U.S. bond yields may have risen last week, but bond traders are not pleased with the IMF’s posture to put off interest rate hikes till 2016.
Christine Lagarde, managing director of the International Monetary Fund, has advised the Federal Reserve that with economic reports showing inflation picking up faster than anticipated, there is no need to make any moves at the moment. A jobs report showed American payrolls in May climbed the most in five months, up from a previous 46 percent estimate.
Bond traders are hopeful that the U.S. central bank will not go along with the IMF suggestion. As a sign of their displeasure they dumped Treasuries on Friday, sending yields on 10-year notes to the highest since October.

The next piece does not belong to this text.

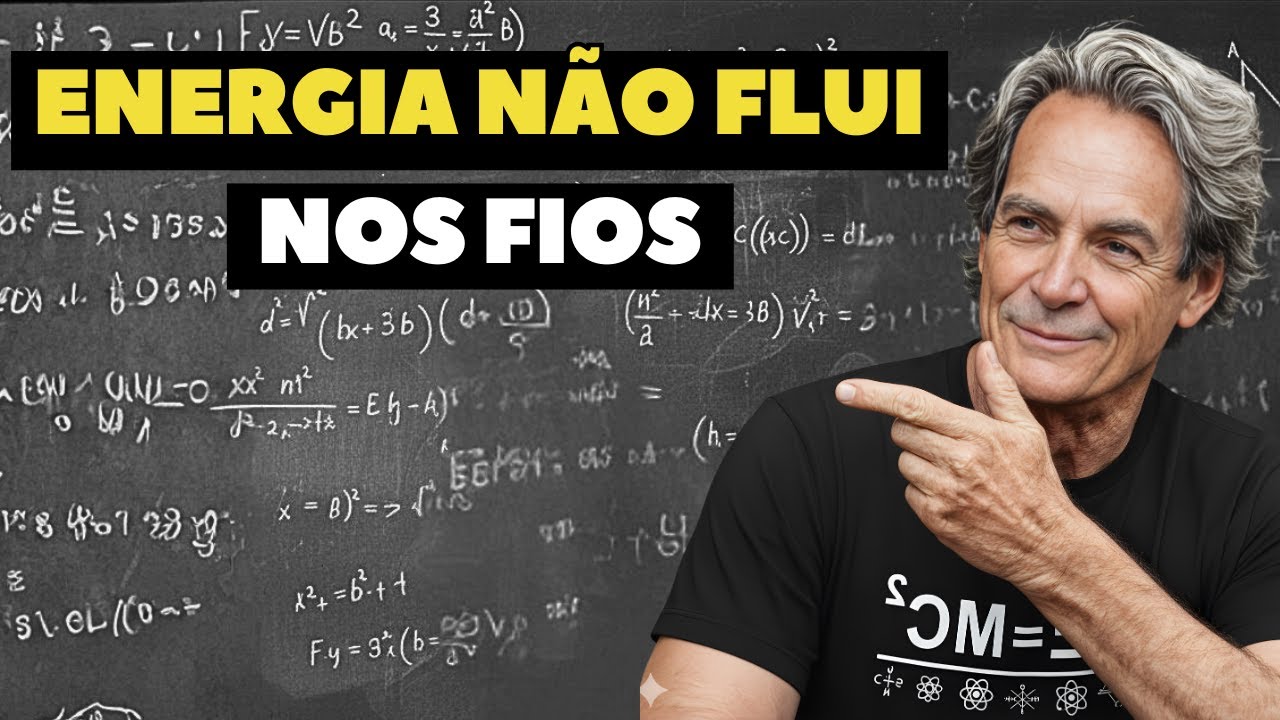 A energia NÃO flui pelos fios – o erro que Feynman explicou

According to John Silvia, chief economist at Wells Fargo & Co., “Even if the Fed does not move, credit markets already have moved.”
Too Early to Make a Move
However, “it may be too early to tell just how long the selloff in government bonds will last following ‘unprecedented’ market volatility,” Goldman Sachs International's Vice Chairman Michael Sherwood told one reporter Monday.
"We went from a period where rates were a one-way bet down when the (European Central Bank's) QE (quantitative easing) program was announced; we had a situation where 30-40 percent of government bonds had negative yields. That is starting to reverse itself a little bit, but it's too early to tell," Sherwood said.
Bond traders continue to voice doubt as to whether or not the IMF recommendation will be taken seriously. Olivier Blanchard, the IMF’s chief economist, pulled back somewhat. Speaking at a conference in New York, he said, “We may turn out to be wrong. We may turn out to be right. But that’s the kind of discussion that we have.”